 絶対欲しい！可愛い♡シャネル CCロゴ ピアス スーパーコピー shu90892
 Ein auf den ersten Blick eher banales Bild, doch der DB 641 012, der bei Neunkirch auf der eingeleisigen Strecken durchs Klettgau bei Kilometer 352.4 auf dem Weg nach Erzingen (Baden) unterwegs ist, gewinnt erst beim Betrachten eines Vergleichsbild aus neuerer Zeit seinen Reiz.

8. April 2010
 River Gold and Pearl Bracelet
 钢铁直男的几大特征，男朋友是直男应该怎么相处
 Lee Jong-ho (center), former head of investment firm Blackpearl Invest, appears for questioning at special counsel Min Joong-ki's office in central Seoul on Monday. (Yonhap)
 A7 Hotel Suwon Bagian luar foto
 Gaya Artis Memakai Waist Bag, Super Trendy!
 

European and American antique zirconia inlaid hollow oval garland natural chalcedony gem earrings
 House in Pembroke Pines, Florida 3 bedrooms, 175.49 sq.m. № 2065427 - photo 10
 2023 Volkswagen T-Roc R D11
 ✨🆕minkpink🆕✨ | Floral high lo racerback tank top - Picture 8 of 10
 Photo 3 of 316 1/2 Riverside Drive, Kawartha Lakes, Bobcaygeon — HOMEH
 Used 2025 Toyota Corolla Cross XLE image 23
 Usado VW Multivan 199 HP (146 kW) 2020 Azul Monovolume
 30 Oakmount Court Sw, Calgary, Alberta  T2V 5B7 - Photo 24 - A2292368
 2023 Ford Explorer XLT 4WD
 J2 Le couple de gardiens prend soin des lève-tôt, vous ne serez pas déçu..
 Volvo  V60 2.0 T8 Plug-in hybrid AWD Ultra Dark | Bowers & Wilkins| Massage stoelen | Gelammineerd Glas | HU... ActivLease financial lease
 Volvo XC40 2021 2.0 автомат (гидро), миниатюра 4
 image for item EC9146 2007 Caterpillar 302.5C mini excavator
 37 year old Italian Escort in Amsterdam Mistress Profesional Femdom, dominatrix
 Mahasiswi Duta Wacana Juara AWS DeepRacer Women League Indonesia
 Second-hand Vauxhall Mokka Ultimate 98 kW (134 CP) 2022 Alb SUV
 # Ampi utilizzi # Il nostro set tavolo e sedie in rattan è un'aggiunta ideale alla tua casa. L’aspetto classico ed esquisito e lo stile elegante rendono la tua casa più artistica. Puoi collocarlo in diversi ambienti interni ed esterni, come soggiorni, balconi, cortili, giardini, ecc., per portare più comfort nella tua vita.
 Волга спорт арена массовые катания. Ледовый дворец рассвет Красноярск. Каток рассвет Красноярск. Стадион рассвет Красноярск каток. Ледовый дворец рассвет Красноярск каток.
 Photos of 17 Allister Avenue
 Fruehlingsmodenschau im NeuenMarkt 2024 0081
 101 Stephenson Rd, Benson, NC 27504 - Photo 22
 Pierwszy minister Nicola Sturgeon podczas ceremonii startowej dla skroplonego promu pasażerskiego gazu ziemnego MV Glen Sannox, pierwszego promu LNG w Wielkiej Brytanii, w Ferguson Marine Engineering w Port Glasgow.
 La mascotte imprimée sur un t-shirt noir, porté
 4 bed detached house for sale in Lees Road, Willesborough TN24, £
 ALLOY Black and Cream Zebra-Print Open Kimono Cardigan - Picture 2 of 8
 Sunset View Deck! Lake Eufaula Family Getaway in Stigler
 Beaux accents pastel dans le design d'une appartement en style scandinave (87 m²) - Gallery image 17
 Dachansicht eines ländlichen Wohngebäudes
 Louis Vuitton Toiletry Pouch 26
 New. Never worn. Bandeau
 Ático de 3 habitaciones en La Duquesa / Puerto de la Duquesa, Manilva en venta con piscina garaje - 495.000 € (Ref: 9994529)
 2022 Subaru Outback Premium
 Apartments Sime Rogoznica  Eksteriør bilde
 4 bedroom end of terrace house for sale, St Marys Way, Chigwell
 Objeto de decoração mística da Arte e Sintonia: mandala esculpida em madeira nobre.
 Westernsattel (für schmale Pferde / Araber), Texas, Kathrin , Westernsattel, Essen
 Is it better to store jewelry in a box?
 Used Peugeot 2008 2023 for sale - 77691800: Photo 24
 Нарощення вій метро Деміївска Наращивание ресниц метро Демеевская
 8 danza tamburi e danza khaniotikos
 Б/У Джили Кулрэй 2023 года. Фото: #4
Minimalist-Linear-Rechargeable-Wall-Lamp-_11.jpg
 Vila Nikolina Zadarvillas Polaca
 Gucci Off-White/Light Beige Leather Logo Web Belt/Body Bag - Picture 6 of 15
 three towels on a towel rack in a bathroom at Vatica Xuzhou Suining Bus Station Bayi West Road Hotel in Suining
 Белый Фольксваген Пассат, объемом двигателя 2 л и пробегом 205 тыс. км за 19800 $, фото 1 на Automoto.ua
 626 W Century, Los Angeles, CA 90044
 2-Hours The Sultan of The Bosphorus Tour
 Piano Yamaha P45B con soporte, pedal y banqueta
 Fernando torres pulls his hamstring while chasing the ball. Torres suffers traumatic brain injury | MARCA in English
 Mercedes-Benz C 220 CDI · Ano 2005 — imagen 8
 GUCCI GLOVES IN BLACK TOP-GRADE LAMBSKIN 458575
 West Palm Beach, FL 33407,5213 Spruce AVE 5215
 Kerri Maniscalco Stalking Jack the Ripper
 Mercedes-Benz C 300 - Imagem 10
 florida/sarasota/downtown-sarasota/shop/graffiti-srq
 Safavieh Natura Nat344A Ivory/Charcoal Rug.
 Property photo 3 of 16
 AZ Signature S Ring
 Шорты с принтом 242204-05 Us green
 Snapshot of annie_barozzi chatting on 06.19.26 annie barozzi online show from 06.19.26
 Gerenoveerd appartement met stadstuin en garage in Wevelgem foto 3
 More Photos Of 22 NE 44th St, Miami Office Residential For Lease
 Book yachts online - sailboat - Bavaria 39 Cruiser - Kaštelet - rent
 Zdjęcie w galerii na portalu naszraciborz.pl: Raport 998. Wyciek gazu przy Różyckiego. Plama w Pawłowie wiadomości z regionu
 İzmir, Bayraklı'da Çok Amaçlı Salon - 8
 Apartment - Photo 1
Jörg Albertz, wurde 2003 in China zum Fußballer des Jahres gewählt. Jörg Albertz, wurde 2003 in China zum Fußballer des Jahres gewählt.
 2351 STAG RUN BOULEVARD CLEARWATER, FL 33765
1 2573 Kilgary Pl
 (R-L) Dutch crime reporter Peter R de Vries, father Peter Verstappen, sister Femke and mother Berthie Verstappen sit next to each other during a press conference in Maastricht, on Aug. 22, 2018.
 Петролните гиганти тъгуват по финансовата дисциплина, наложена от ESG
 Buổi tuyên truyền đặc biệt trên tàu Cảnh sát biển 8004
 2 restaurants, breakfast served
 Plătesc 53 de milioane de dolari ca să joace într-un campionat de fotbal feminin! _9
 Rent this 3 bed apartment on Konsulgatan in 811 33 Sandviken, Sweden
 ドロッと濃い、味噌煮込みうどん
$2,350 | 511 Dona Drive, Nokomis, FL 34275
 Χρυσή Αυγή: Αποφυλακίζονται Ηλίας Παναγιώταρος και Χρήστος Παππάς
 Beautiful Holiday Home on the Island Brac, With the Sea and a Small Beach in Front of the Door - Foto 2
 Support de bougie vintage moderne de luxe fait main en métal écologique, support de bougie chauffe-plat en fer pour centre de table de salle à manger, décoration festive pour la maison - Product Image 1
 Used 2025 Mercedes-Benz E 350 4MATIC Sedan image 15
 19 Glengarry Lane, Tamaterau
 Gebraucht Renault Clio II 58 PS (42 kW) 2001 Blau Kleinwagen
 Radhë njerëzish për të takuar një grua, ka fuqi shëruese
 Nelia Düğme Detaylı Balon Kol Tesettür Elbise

Try it: Give only the number of lines above that hold the string "Picture".

Result of this exercise: 3